Problem to solve: Could you write out every record below exactly, leaving the pictures out?

+-------+

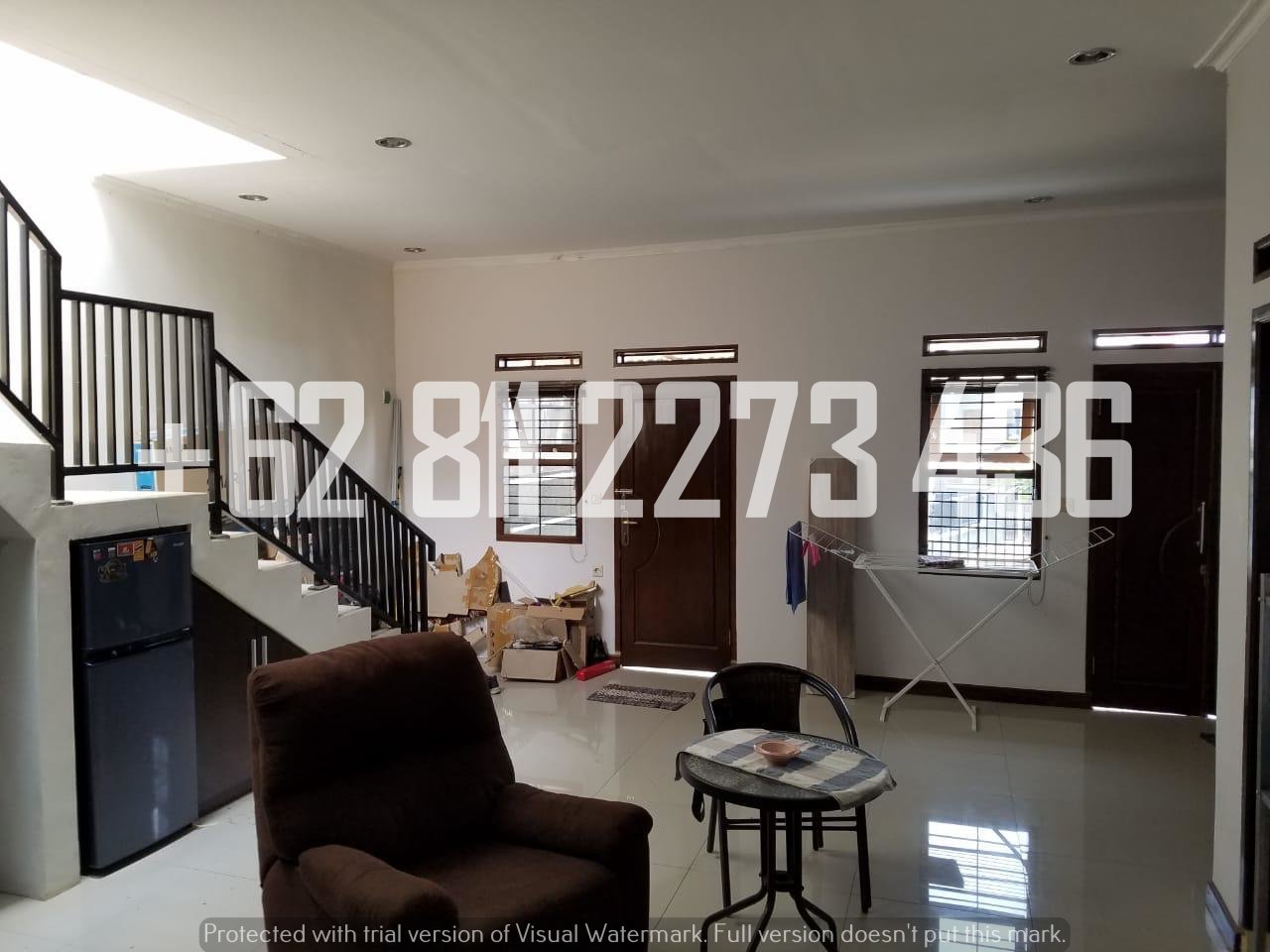 Dijual Rumah Komp. Cisasawi Lingkungan Asri Siap Huni Dekat Taman Kupu Kupu Cihanjuang - 4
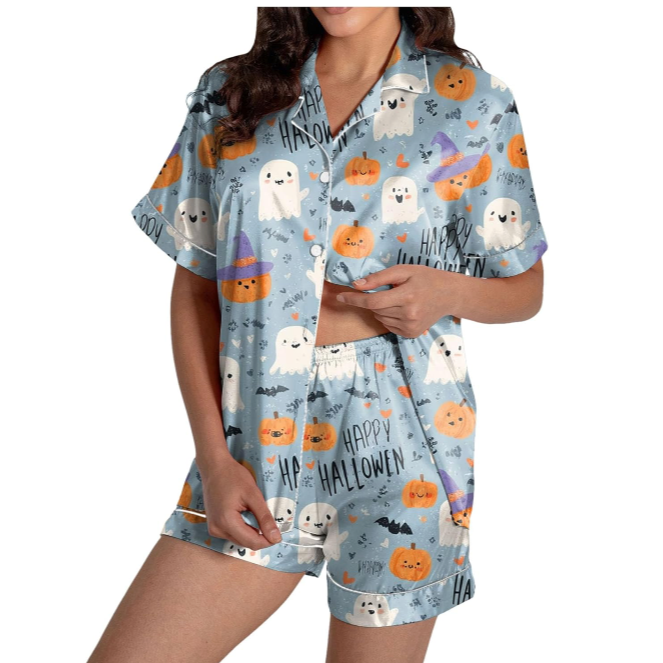 Halloween Pajama Set for Women For only $3.99!! Code:JW6QCMUX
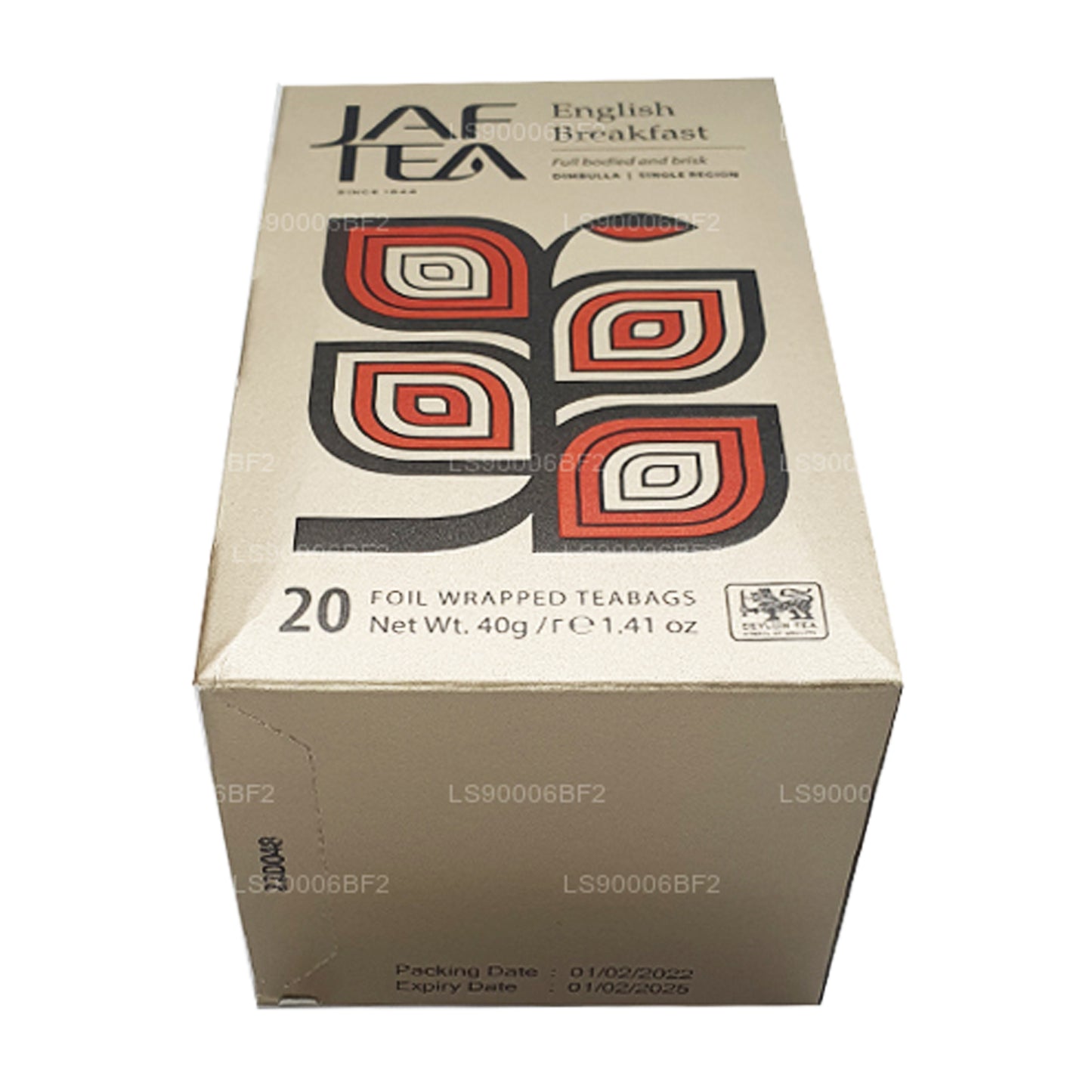 Jaf Tea engelsk frukost (40g) 20 tepåsar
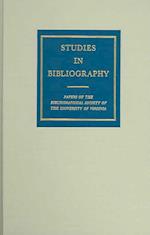 Studies in Bibliography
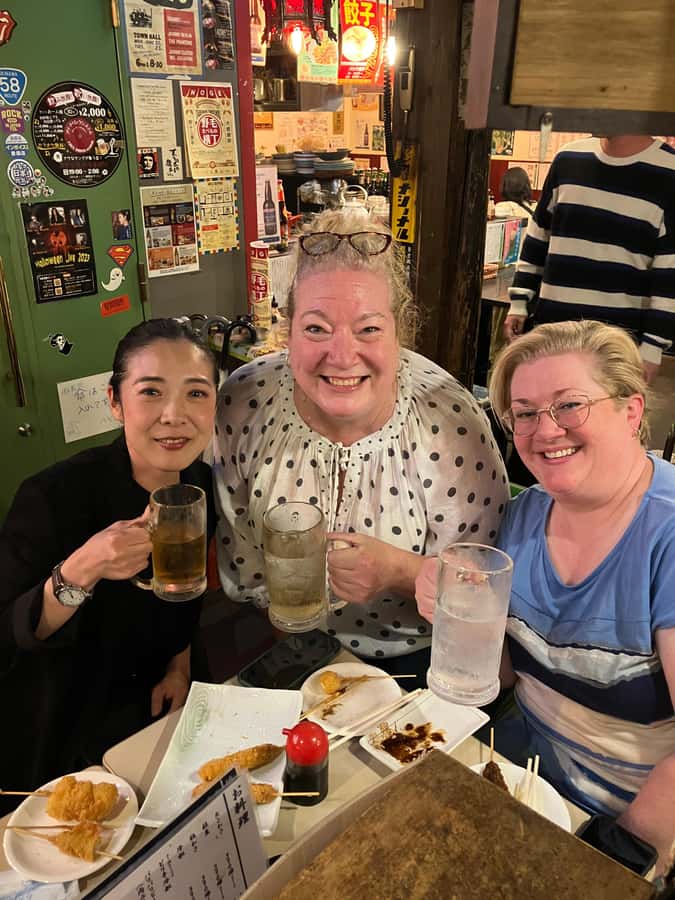 Retro Yokohama Bar Hopping 101 Tour in Noge_3hrs - The yakitori or fried-skewer stop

+-------+

Expected answer:
 Dijual Rumah Komp. Cisasawi Lingkungan Asri Siap Huni Dekat Taman Kupu Kupu Cihanjuang - 4
 Halloween Pajama Set for Women For only $3.99!! Code:JW6QCMUX
 Jaf Tea engelsk frukost (40g) 20 tepåsar
 Studies in Bibliography
 Retro Yokohama Bar Hopping 101 Tour in Noge_3hrs - The yakitori or fried-skewer stop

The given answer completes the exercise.